(Entries provided begins)

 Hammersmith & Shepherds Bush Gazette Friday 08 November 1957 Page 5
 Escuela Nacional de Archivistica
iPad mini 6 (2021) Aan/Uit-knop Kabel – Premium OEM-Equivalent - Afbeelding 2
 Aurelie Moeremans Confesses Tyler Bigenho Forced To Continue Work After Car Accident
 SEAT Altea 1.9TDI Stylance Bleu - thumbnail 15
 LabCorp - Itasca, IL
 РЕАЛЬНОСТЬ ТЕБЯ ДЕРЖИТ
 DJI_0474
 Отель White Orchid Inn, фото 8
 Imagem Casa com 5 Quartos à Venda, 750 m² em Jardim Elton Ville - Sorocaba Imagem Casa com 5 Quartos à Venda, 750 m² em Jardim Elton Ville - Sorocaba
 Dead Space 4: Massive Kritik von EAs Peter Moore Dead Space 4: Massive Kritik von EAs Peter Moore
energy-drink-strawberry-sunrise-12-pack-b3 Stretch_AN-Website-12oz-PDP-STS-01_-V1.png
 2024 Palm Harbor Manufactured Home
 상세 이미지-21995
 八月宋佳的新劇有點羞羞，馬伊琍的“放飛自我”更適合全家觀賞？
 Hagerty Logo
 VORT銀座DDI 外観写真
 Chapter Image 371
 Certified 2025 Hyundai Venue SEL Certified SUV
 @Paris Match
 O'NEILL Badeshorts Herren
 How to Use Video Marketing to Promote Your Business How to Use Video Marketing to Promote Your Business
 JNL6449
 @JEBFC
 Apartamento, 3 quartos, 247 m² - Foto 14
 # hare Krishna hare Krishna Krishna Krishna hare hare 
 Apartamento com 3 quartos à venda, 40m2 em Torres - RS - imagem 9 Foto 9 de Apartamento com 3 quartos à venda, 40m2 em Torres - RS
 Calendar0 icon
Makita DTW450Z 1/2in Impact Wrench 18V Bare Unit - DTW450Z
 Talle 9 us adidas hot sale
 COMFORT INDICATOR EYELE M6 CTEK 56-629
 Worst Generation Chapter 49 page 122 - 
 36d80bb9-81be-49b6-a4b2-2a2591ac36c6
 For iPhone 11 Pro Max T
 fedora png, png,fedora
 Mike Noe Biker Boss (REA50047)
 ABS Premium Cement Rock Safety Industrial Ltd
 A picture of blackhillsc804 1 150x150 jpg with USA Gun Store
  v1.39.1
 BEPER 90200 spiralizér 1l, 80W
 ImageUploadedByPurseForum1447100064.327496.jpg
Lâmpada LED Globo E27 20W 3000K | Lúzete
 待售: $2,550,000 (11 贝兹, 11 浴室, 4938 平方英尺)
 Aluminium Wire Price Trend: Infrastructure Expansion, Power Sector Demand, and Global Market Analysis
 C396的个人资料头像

(Entries provided ends)

=== Exercise aim ===
Both the line containing "Certified 2025 Hyundai" and the line containing "Worst Generation Chapter" belong in the answer. Print them and every line above that falls between them exactly, and no others.

=== Output below ===
 Certified 2025 Hyundai Venue SEL Certified SUV
 @Paris Match
 O'NEILL Badeshorts Herren
 How to Use Video Marketing to Promote Your Business How to Use Video Marketing to Promote Your Business
 JNL6449
 @JEBFC
 Apartamento, 3 quartos, 247 m² - Foto 14
 # hare Krishna hare Krishna Krishna Krishna hare hare 
 Apartamento com 3 quartos à venda, 40m2 em Torres - RS - imagem 9 Foto 9 de Apartamento com 3 quartos à venda, 40m2 em Torres - RS
 Calendar0 icon
Makita DTW450Z 1/2in Impact Wrench 18V Bare Unit - DTW450Z
 Talle 9 us adidas hot sale
 COMFORT INDICATOR EYELE M6 CTEK 56-629
 Worst Generation Chapter 49 page 122 - 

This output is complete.